Whether the encode_activations operation is differentiable.

has_differentiable_concept_decoder bool

Whether the decode_concepts operation is differentiable.

Parameters:

Name Type Description Default

model_with_split_points

ModelWithSplitPoints

The model to apply the explanation on. It should have at least one split point on which a concept explainer can be trained.

required

split_point

str | None

The split point used to train the concept_model.
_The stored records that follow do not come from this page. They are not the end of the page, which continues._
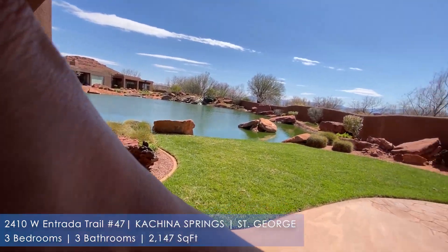Anyway, guys, if you have any questions or want to come out and take a look, this is a Michelle McElprank listing. She would love to come out and show it to you. If you'd like your own private virtual tour of the home, let us know — we'd be more than glad to do that for you. Keep looking out for this home. It's at 2410 West Entrada, number 47 in Kachina Springs, and currently asking $628,800.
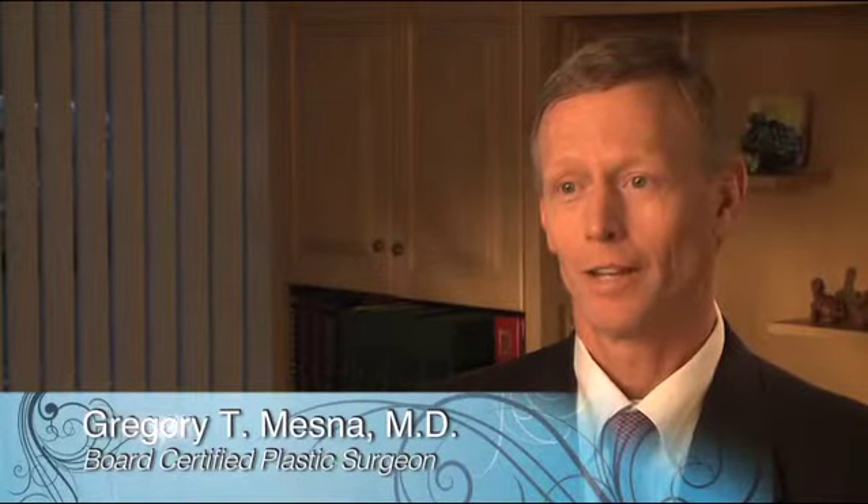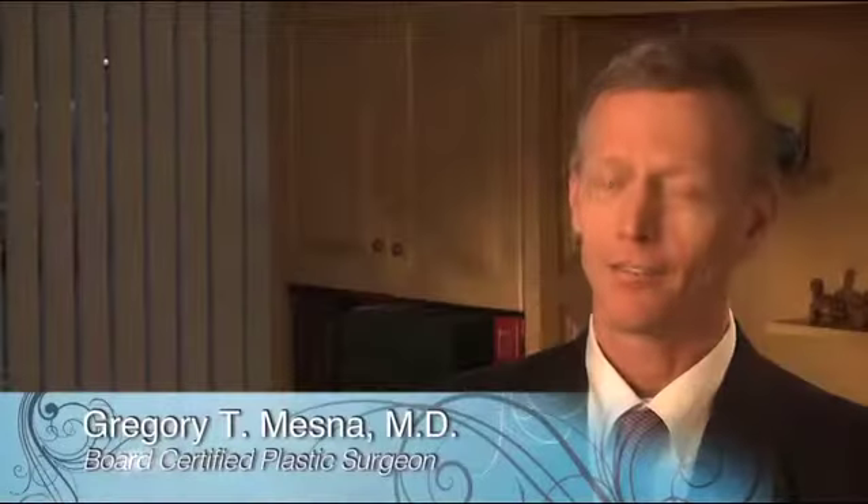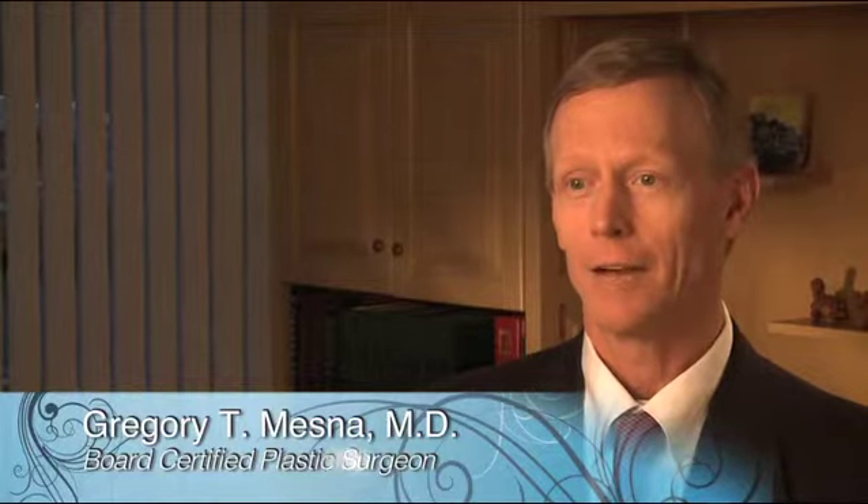A blepharoplasty is another term for an eyelid lift. Like everything else in the body, foreheads, eyebrows, and eyelids typically sag and droop with aging.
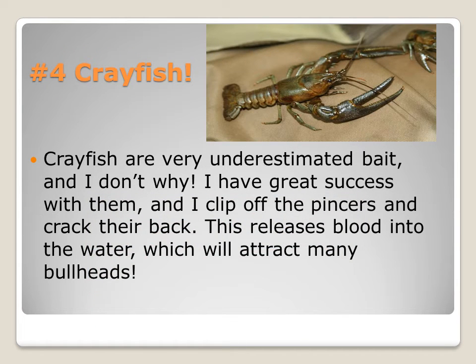For number 4 I chose crayfish. Crayfish are very underestimated bait and I don't know why. I've had very great success with them, and I like to clip off the pincers and crack their back because it releases more blood and smell into the water, which will attract more fish. Trust me, it does.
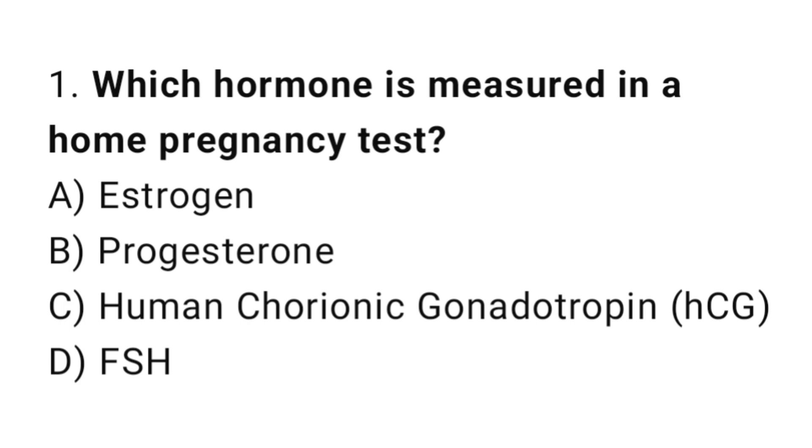Question number 1. Which hormone is measured in a home pregnancy test? The right answer is C: HCG.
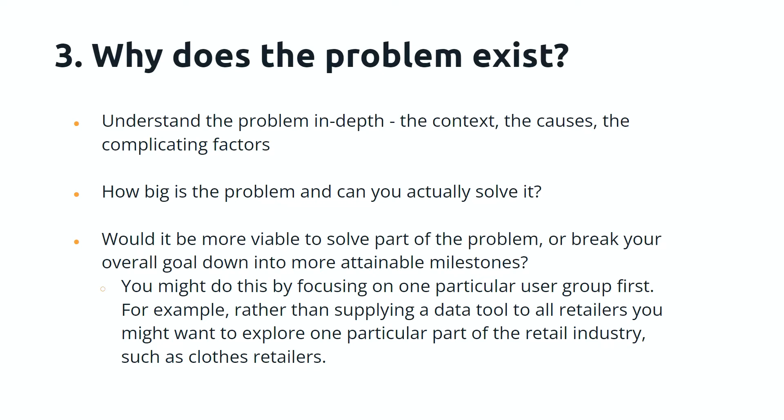You might do this by focusing on one particular user group first — for example, rather than supplying a data tool to all retailers, you might want to explore one particular part of the retail industry, such as clothes retailers or children's clothes retailers, something more specific. The more specific you are, the more you can tailor it to a specific group and understand what works and what doesn't. That is the key part of developing a successful product.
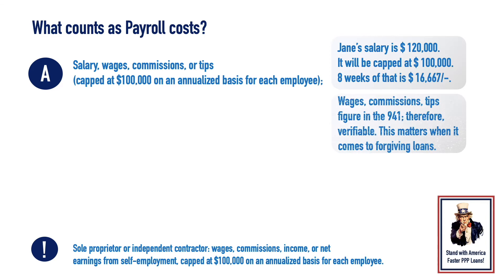Wages, commissions, and tips figure in Form 941, and are therefore verifiable.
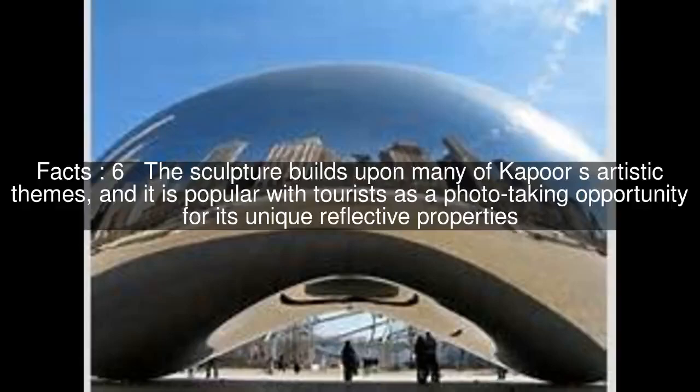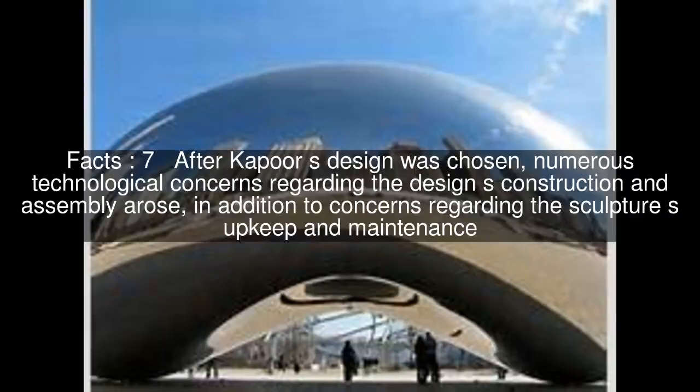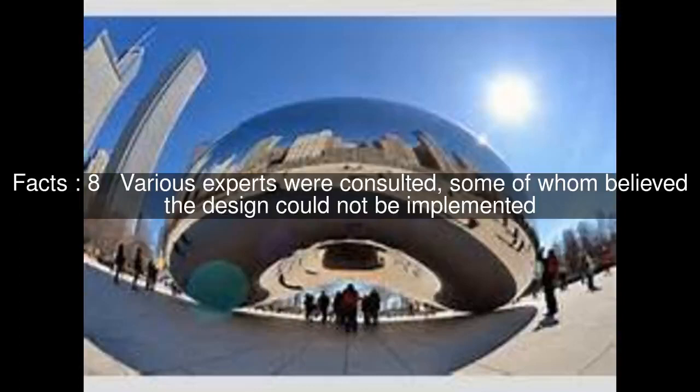The sculpture builds upon many of Kapoor's artistic themes, and it is popular with tourists as a photo-taking opportunity for its unique reflective properties. After Kapoor's design was chosen, numerous technological concerns regarding the design's construction and assembly arose, in addition to concerns regarding the sculpture's upkeep and maintenance. Various experts were consulted, some of whom believed the design could not be implemented.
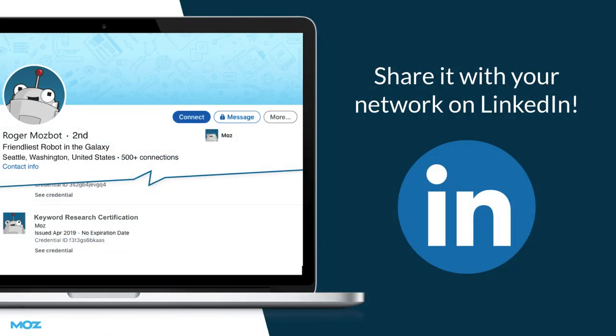Upon completion of this certification, you'll receive an official certificate from Moz and you'll be able to add it directly to your LinkedIn profile.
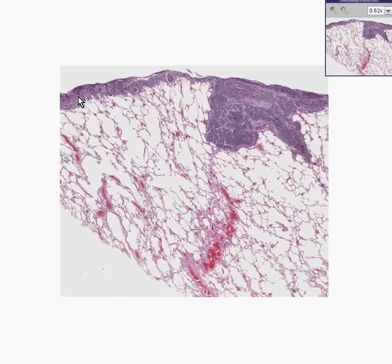This is quite a bit thicker than it should be, however. This is still even a lot thicker. All of this is really thick, and here's not only a thickened area of the pleura, but it looks pretty nodular as well.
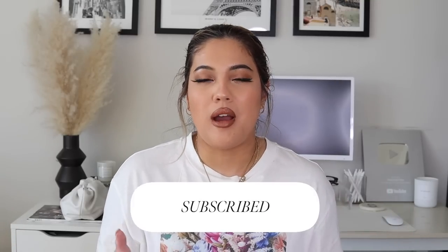Hi everyone, welcome back! I'm Stephanie Rose and I make videos about fashion, beauty, and lifestyle. Please subscribe if you like videos like this and don't forget to thumbs up. I've been talking about going on a trip for the past five vlogs — I'm really excited because it's my first actual vacation since the pandemic, and it's much needed.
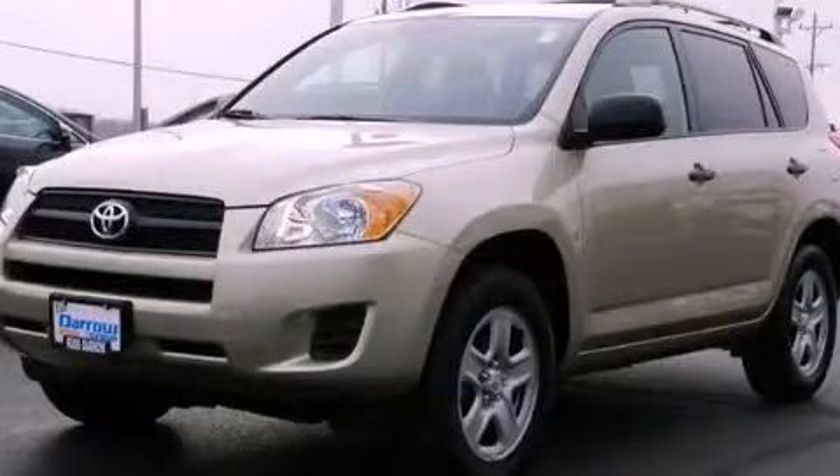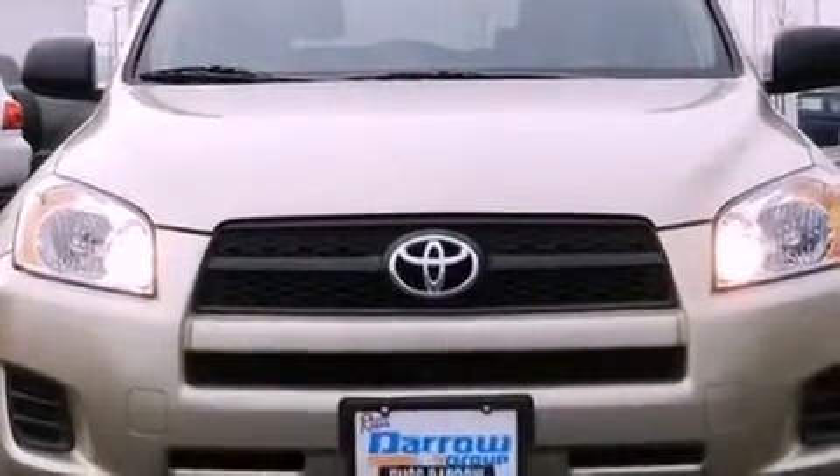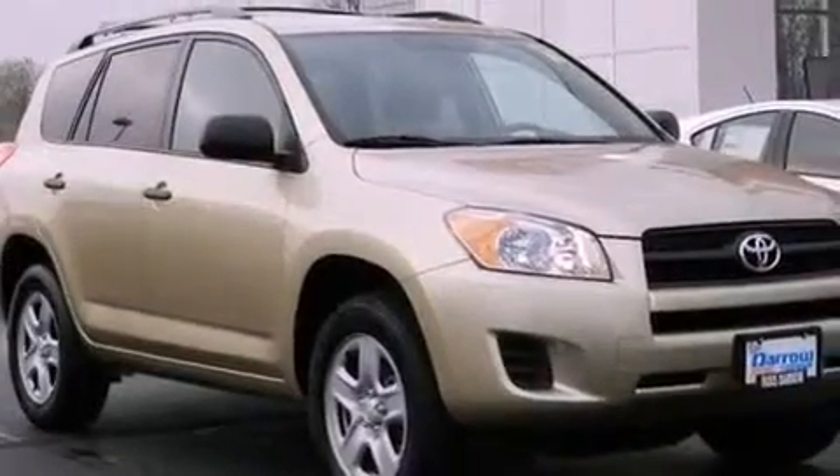This is a 2011 Toyota RAV4. Safety, space, and comfort. It has a 2.5-liter four-cylinder engine, a four-speed automatic transmission, and four-wheel drive.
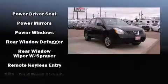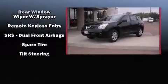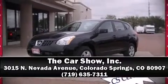Sophisticated all-wheel drive technology maintains a firm grip on the road. Our knowledgeable sales staff is available to answer any questions that you might have. Stop by our dealership or give us a call for more information. Thank you.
If None, tries to use the split point of model_with_split_points if a single one is defined.

None
Source code in interpreto/concepts/methods/neurons_as_concepts.py
def __init__(
    self,
    model_with_split_points: ModelWithSplitPoints,
    split_point: str | None = None,
):
    """
    Initializes the concept explainer with a given splitted model.

    Args:
        model_with_split_points (ModelWithSplitPoints): The model to apply the explanation on.
            It should have at least one split point on which a concept explainer can be trained.
        split_point (str | None): The split point used to train the `concept_model`. If None, tries to use the
            split point of `model_with_split_points` if a single one is defined.
    """
    # extract the input size from the model activations
    self.model_with_split_points = model_with_split_points
    self.split_point: str = split_point  # type: ignore
    input_size = self.model_with_split_points.get_latent_shape()[self.split_point][-1]

    # initialize
    super().__init__(
        model_with_split_points=model_with_split_points,
        concept_model=IdentityConceptModel(input_size),
        split_point=self.split_point,
    )
    self.has_differentiable_concept_encoder = True
    self.has_differentiable_concept_decoder = True

interpret

Interpret the concepts dimensions in the latent space into a human-readable format. The interpretation is a mapping between the concepts indices and an object allowing to interpret them. It can be a label, a description, examples, etc.

Parameters:

Name Type Description Default

interpretation_method

type[BaseConceptInterpretationMethod]

The interpretation method to use to interpret the concepts.

required

concepts_indices

int | list[int] | Literal['all']

The indices of the concepts to interpret. If "all", all concepts are interpreted.

required

inputs

list[str] | None

The inputs to use for the interpretation. Necessary if the source is not VOCABULARY, as examples are extracted from the inputs.

None

latent_activations

LatentActivations | dict[str, LatentActivations] | None

The latent activations to use for the interpretation. Necessary if the source is LATENT_ACTIVATIONS. Otherwise, it is computed from the inputs or ignored if the source is CONCEPT_ACTIVATIONS.

None

concepts_activations

ConceptsActivations | None

The concepts activations to use for the interpretation. Necessary if the source is not CONCEPT_ACTIVATIONS. Otherwise, it is computed from the latent activations.

None

**kwargs

Additional keyword arguments to pass to the interpretation method.

{}

Returns:

Type Description
Mapping[int, Any]

Mapping[int, Any]: A mapping between the concepts indices and the interpretation of the concepts.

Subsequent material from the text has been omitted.